* Exercise brief:
Find the line with "Şehir merkezinde simetrik" and the line with "Used 2009 Nissan GT-R Premium image 2" in the entries below; output exactly those two lines, every line between them, and no others.

* Supplied material:
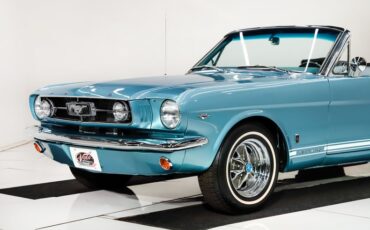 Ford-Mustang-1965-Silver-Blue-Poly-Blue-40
...
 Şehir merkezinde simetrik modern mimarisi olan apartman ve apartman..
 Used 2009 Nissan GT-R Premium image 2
* * *
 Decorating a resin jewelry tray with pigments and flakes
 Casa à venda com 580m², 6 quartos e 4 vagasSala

* Exercise response:
 Şehir merkezinde simetrik modern mimarisi olan apartman ve apartman..
 Used 2009 Nissan GT-R Premium image 2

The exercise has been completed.